In light of the latest string of student mass shooting in Texas public schools, HB18 appears to be a bold move for Texas legislature to ensure that educators are better prepared to identify the warning signs of student mental illness and that school districts are equipped with curricula, programs, and services to address the needs of students suffering from mental health and trauma-related issues.  It also appears as though Texas legislators want to use HB 18 to destigmatize mental health issues in the communities they serve.

It is not difficult to see how this bill would be received with open arms by most educators, and this was evident by the supportive comments shared during the Senate Education Committee meeting.  At first glance, I agreed that the requirements brought forth by HB18, if implemented with fidelity, could impact the growing number of students suffering from mental health and trauma-related problems in Texas public schools in a positive way.  However, after reviewing HB 18 in its entirety, I realized that there are a few potential issues with the legislation that could have some unintended, negative consequences for parents, the most salient of which is a potential student and parent backlash.  Lines 21-27 on page 23 and lines 1-3 on page 24 of HB 18 indicate that a district employee or employee of a mental health service provider (physician or nonphysician) contracted with the district would have the authority to recommend that a child have a professional evaluation.  While the bill does include language that requires written parental or guardian permission before evaluation or treatment actions are taken, it does not address steps the district will take if or when a parent declines the recommended health treatment.  The likelihood of a parent refusing recommended mental health treatment for their child may be elevated especially since the recommendations can come from a staff member who is not a mental health professional.  Will a parent who denies recommendations be reported to Child Protective Services, found liable in any way, or charged criminally for making an informed choice to refuse mental health treatment?  In this case, will the students be excluded from participating in classroom or school activities?  Will the student and parents be treated differently by the school or district?
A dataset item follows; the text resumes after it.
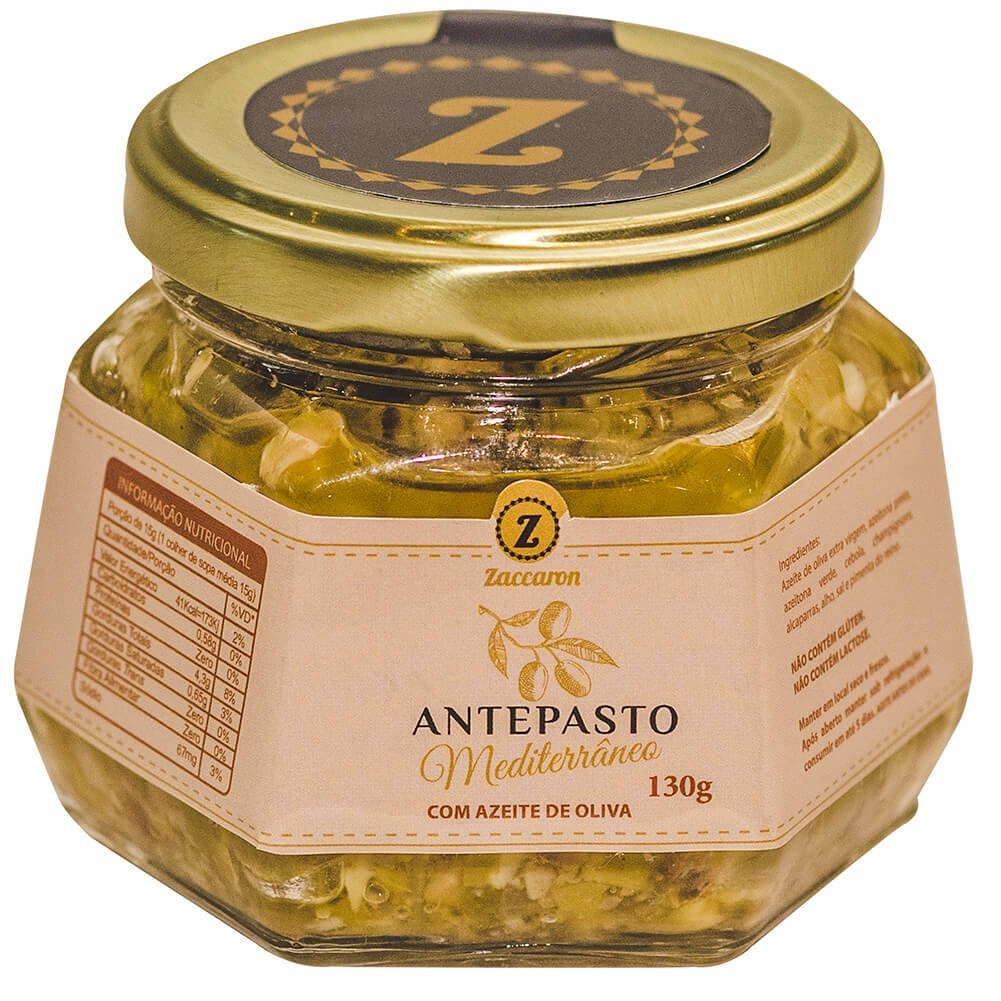 Antepasto Mediterraneo Zaccaron 130g - Zaccaron - Espumantes do Sul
The second issue with HB18 is related to the lack of parental oversight of the mental health programs and practice that their children will be subjected to in their schools.  Lines 9-18 on page 27 of the bill state that the Texas Education Agency (TEA), in coordination with the Health and Human Services Commission and regional services centers, will provide to districts a list of best practice-based programs and research-based practices for the implementation of HB 18.  However, it does not delineate the criteria that TEA will use for determining which services and programs will be provided to districts.  Moreover, since there is no requirement for districts to inform parents of the programs and practices they choose, the door is left open for a wide variety of resources to be legitimized and introduced to students without parental input.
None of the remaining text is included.